## Goal of the exercise:
In full and without deviation, reproduce the records that follow.

## Brief descriptive captions:
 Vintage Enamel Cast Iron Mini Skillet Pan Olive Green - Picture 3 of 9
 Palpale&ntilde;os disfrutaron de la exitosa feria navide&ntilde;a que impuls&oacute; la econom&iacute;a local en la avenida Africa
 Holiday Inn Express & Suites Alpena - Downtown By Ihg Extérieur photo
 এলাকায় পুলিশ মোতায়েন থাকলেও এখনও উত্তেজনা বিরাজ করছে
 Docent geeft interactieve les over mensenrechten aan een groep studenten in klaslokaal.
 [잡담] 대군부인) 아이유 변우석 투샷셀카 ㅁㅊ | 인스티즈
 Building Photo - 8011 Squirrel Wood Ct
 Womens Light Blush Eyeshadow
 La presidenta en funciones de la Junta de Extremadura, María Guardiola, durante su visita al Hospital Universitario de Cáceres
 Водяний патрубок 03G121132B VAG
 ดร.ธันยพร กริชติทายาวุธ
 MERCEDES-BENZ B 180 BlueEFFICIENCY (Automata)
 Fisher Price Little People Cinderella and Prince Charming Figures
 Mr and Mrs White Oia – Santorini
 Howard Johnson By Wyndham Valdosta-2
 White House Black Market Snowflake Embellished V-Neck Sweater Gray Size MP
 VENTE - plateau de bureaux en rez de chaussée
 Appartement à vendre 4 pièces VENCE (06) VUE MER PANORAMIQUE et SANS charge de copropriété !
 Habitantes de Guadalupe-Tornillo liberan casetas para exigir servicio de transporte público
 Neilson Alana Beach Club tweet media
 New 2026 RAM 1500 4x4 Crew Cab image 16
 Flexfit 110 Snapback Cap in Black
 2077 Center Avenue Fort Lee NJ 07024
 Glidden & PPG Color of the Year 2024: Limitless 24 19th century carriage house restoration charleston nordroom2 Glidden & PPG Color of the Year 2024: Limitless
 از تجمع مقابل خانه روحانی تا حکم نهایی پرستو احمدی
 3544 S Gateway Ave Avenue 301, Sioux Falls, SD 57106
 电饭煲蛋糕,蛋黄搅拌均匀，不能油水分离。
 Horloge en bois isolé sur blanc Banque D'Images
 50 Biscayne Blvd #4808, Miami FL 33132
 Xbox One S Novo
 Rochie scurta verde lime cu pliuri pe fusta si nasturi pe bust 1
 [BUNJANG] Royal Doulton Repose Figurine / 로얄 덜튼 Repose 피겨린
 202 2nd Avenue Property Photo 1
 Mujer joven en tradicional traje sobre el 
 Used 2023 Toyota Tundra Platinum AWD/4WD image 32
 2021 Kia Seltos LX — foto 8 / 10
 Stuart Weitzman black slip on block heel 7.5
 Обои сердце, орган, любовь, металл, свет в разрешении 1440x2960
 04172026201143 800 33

## Reply:
 Vintage Enamel Cast Iron Mini Skillet Pan Olive Green - Picture 3 of 9
 Palpale&ntilde;os disfrutaron de la exitosa feria navide&ntilde;a que impuls&oacute; la econom&iacute;a local en la avenida Africa
 Holiday Inn Express & Suites Alpena - Downtown By Ihg Extérieur photo
 এলাকায় পুলিশ মোতায়েন থাকলেও এখনও উত্তেজনা বিরাজ করছে
 Docent geeft interactieve les over mensenrechten aan een groep studenten in klaslokaal.
 [잡담] 대군부인) 아이유 변우석 투샷셀카 ㅁㅊ | 인스티즈
 Building Photo - 8011 Squirrel Wood Ct
 Womens Light Blush Eyeshadow
 La presidenta en funciones de la Junta de Extremadura, María Guardiola, durante su visita al Hospital Universitario de Cáceres
 Водяний патрубок 03G121132B VAG
 ดร.ธันยพร กริชติทายาวุธ
 MERCEDES-BENZ B 180 BlueEFFICIENCY (Automata)
 Fisher Price Little People Cinderella and Prince Charming Figures
 Mr and Mrs White Oia – Santorini
 Howard Johnson By Wyndham Valdosta-2
 White House Black Market Snowflake Embellished V-Neck Sweater Gray Size MP
 VENTE - plateau de bureaux en rez de chaussée
 Appartement à vendre 4 pièces VENCE (06) VUE MER PANORAMIQUE et SANS charge de copropriété !
 Habitantes de Guadalupe-Tornillo liberan casetas para exigir servicio de transporte público
 Neilson Alana Beach Club tweet media
 New 2026 RAM 1500 4x4 Crew Cab image 16
 Flexfit 110 Snapback Cap in Black
 2077 Center Avenue Fort Lee NJ 07024
 Glidden & PPG Color of the Year 2024: Limitless 24 19th century carriage house restoration charleston nordroom2 Glidden & PPG Color of the Year 2024: Limitless
 از تجمع مقابل خانه روحانی تا حکم نهایی پرستو احمدی
 3544 S Gateway Ave Avenue 301, Sioux Falls, SD 57106
 电饭煲蛋糕,蛋黄搅拌均匀，不能油水分离。
 Horloge en bois isolé sur blanc Banque D'Images
 50 Biscayne Blvd #4808, Miami FL 33132
 Xbox One S Novo
 Rochie scurta verde lime cu pliuri pe fusta si nasturi pe bust 1
 [BUNJANG] Royal Doulton Repose Figurine / 로얄 덜튼 Repose 피겨린
 202 2nd Avenue Property Photo 1
 Mujer joven en tradicional traje sobre el 
 Used 2023 Toyota Tundra Platinum AWD/4WD image 32
 2021 Kia Seltos LX — foto 8 / 10
 Stuart Weitzman black slip on block heel 7.5
 Обои сердце, орган, любовь, металл, свет в разрешении 1440x2960
 04172026201143 800 33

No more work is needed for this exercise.